The Indian government is against a tripartite dialogue on the Kashmir issue, but would like to keep the door open for a dialogue with militants to find solution within the framework of the constitution. But a saner and more realistic suggestion comes from Chandra Shekhar, former Prime Minister of India. “The Kashmir issue seems difficult to solve now. We have to create an atmosphere of live and let live. A working understanding with Pakistan is the only way out of this impasse. Pakistan has also gone through its share of suffering in this row.”
Both, India and Pakistan are never short of exchanging tirades. India’s celebrated hyperbolic expression if “No power on earth can separate Kashmir from India . . . No power on earth can build the mosque atop the destroyed mosque at Ayodhya.”
“Kashmir is the lifeline of Pakistan.” One often hears this remark from almost all Pakistani and Kashmiri leaders, whenever the issue comes under discussion. But at times we get much more sensitive remarks that spark counter comments and simply drive the population in both the countries to further hatred against each other.
“There is no dispute on Kashmir,” was an unguarded remark by the former Indian Prime Minster, Rajiv Gandhi. The remark immediately attracted a harsh statement from the Pakistani President, Ghulam Ishaq Khan, warning India not to dream of hegemonising other countries. Indian Press was all the more perturbed when Ms. Bhutto had claimed that the problem of Kashmir now belonged to the whole of the Muslim Ummah (world-wide community of Muslims).
Anything happening in India is inevitably blamed on Pakistan, which according to Gauhar Ayub, only betrays the weakness of the Indian government. No sooner had the blast taken place in Bombay and good many Indian leaders straight away accused Pakistan. For the problem in Kashmir, the leaders and the press have yet to show a sense of restraint and maturity in India. Instead of accessing one’s failure and trying to take corrective, remedial measures it is all but easy to blame others in order to save one’s own skin.
K.F. Rustamji, the Director General of BSF was right enough to remark, “It would be totally wrong to assume that all that is happening in Jammu and Kashmir is due to the machination of an aberrant neighbour.”

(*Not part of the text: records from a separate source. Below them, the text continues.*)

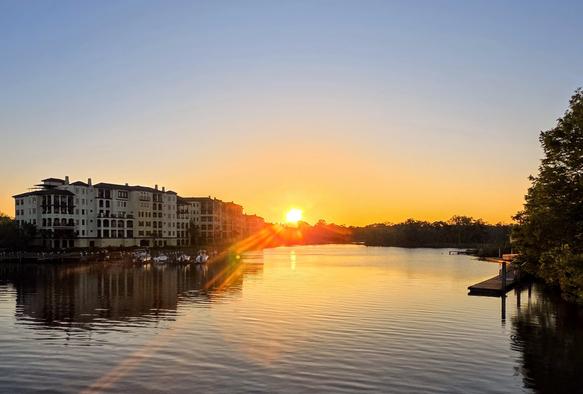 Bright, warm, yellow glowing sunrise over a calm blue waterway with luxurious buildings on one shore and a fishing pier on the opposite side, amongst tropical foliage.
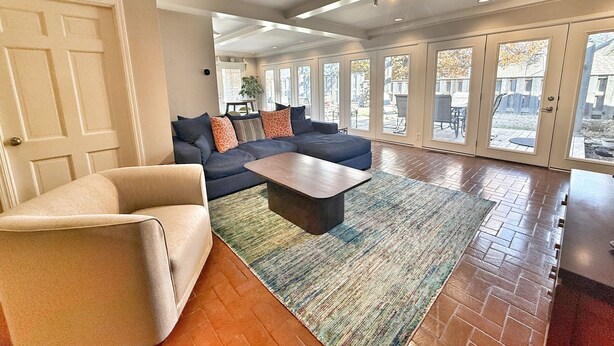 A spacious living room with a sectional sofa, a coffee table, and a large window offering a view of the outdoors.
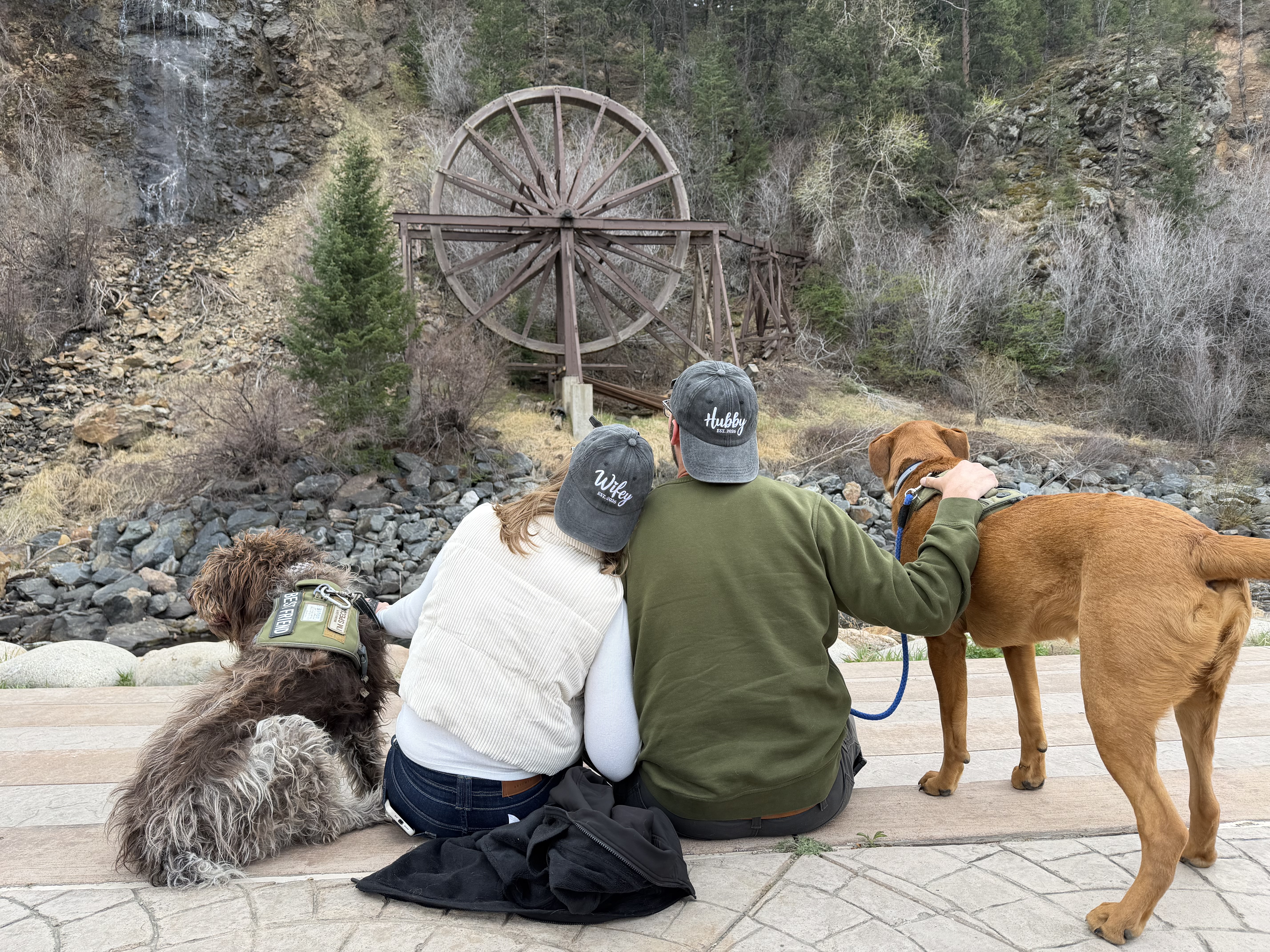 Jamie Watz and Evan Watz seated with their two dogs near a waterfall and waterwheel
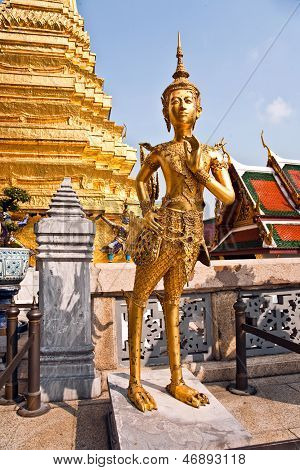 BANGKOK, THAILAND - JAN 4, 2012: a kinaree a mythology figure is watching the temple in the Grand Palace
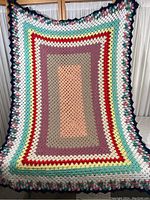 Full view of the hand crocheted blanket showing its multicolor granny square pattern and scalloped edge.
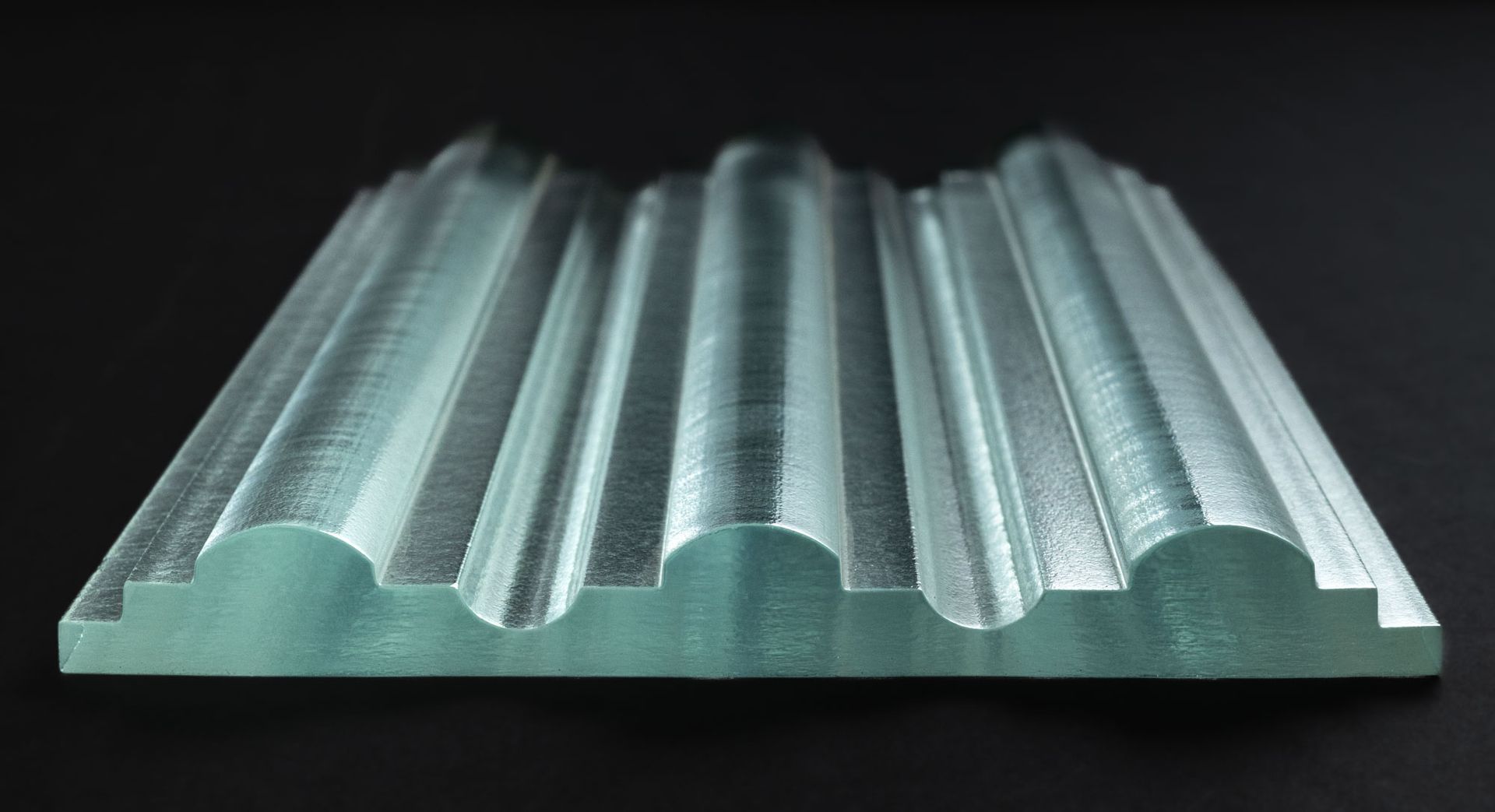 A close up of a piece of cast glass on a black background.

Whatever policy makers in India and Pakistan may think, they need an exercise in soul searching about the situation and solution in Kashmir.
To dub Human Rights reports as interference into national affairs is something uncalled for. Moreover, if Indian records are clean enough then why the need for a National Human Rights Commission ? The Human Rights people themselves claim that the Kashmir valley is the most dangerous place in the world to do Human Rights work.
With the passage of time the world opinion not only counts and discounts the views and propaganda from India and Pakistan but takes into consideration the voice of the people of Kashmir in the settlement of their problem.
Today, Kashmir issue is an international one though with clipped wings. Even Pandit Nehru had attested this fact way back in 1952. “Kashmir is an international problem. It would be an international problem any how if it concerned any other nation besides India and it does. It became further an international problem because a large number of other countries also took interest and gave advice …So while the accession was complete in law and fact, the other fact which has nothing to do with the law also remains, namely our pledge to the people of Kashmir– if you like, to the people of the world –that this matter can be reaffirmed or cancelled, or cut out by the people of Kashmir if they so wish. The wish of the people of Kashmir is all the more paramount.”